Afghanistan faces humanitarian, economic crisis as U.S. troops leave
The United States completed its military withdrawal from Afghanistan on Monday as the last plane carrying troops flew out of Kabul airport. While the U.S. is still evacuating Afghan allies and civilians, the departure of its last contingent of service members marks an end to the 20 year military presence that is officially being recognized as the longest war in U.S. history.
The U.S. spent its last day of withdrawal mourning the service members that were killed in a suicide bombing at Kabul airport by IS-K, the Islamic State group's Afghan affiliate. The U.S. had counter attacked IS-K forces with a drone strike in Kabul, but the strike reportedly killed 10 Afghan civilians, including six children. The strike and the civilian casualties are currently under investigation.

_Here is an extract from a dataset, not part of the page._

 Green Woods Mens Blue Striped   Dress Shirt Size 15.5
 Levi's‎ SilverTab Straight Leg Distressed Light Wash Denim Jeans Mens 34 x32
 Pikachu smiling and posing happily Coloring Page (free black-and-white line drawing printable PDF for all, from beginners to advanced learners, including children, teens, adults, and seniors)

With U.S. forces officially withdrawn from the nation, the Taliban, which took control of Afghanistan on August 15th, declared Afghanistan "fully independent". With thousands of Afghan civilians displaced or on the run from Taliban rule, the country now faces a humanitarian crisis as well as a turbulent economy. Families crowded into refugee camps and lined up to receive food and other resources donated by humanitarian aid groups.
Banks reopened in Afghanistan with restrictions placed on the amount of cash that could be withdrawn as thousands of Afghan civilians were lining up outside the bank to withdraw their money amid an uncertain future for the country.